Everybody should to know PostgreSQL's stats views: pg_stat_user_tables, pg_stat_database. There are lot of interesting values. For better interpretation we need a difference of these values in some time. It is impossible to get previous value with clean SQL, but in Postgres we can use PLpgSQL, and we can use custom configure variables as session variables.
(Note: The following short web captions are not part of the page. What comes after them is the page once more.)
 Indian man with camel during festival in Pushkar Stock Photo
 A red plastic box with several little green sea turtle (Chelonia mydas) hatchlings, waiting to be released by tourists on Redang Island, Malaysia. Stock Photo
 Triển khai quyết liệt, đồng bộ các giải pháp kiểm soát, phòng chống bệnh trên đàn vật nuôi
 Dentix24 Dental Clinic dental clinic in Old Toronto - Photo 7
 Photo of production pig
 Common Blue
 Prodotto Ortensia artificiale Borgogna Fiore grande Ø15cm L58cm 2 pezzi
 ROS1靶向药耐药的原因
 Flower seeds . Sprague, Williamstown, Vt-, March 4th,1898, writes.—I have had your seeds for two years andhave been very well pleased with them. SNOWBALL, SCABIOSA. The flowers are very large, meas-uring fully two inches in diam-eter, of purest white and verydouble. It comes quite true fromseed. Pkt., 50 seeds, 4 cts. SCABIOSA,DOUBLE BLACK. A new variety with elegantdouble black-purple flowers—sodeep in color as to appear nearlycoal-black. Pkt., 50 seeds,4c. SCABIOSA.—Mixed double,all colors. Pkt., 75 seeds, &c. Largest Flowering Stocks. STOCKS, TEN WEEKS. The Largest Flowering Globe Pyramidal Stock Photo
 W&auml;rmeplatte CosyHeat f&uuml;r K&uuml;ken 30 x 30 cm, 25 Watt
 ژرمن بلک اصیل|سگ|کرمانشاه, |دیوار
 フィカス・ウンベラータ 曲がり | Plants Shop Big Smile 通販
I wrote function buffer, that returns difference between current value and buffered, and save current value to buffer:

CREATE OR REPLACE FUNCTION public.buffer_dif(text, bigint)
 RETURNS bigint
 LANGUAGE plpgsql
AS $function$
DECLARE r bigint;
BEGIN
  r := $2 - current_setting($1, true)::bigint;
  PERFORM set_config($1, $2::text, false);
  RETURN r;
END;
$function$

Now I can prepare query:
SELECT datname,
       buffer_dif('x.xact_commit_' || datname, xact_commit) AS commits, 
       buffer_dif('x.tup_inserted_' || datname, tup_inserted) AS inserted
  FROM pg_stat_database
 WHERE datname IS NOT NULL;

I can repeat this query every 1 second by psql command \watch:

^Cpostgres=# \watch 1
Čt 2. dubna 2020, 21:33:59 (every 1s)

┌───────────┬─────────┬──────────┐
│  datname  │ commits │ inserted │
╞═══════════╪═════════╪══════════╡
│ postgres  │       1 │        0 │
│ template1 │       0 │        0 │
│ template0 │       0 │        0 │
└───────────┴─────────┴──────────┘
(3 rows)

Čt 2. dubna 2020, 21:34:00 (every 1s)

┌───────────┬─────────┬──────────┐
│  datname  │ commits │ inserted │
╞═══════════╪═════════╪══════════╡
│ postgres  │       1 │        0 │
│ template1 │       0 │        0 │
│ template0 │       0 │        0 │
└───────────┴─────────┴──────────┘
(3 rows)

Čt 2. dubna 2020, 21:34:01 (every 1s)

┌───────────┬─────────┬──────────┐
│  datname  │ commits │ inserted │
╞═══════════╪═════════╪══════════╡
│ postgres  │       1 │        0 │
│ template1 │       0 │        0 │
│ template0 │       0 │        0 │
└───────────┴─────────┴──────────┘
(3 rows)

Now I can see 1 sec differences of incremental metrics without any other tools.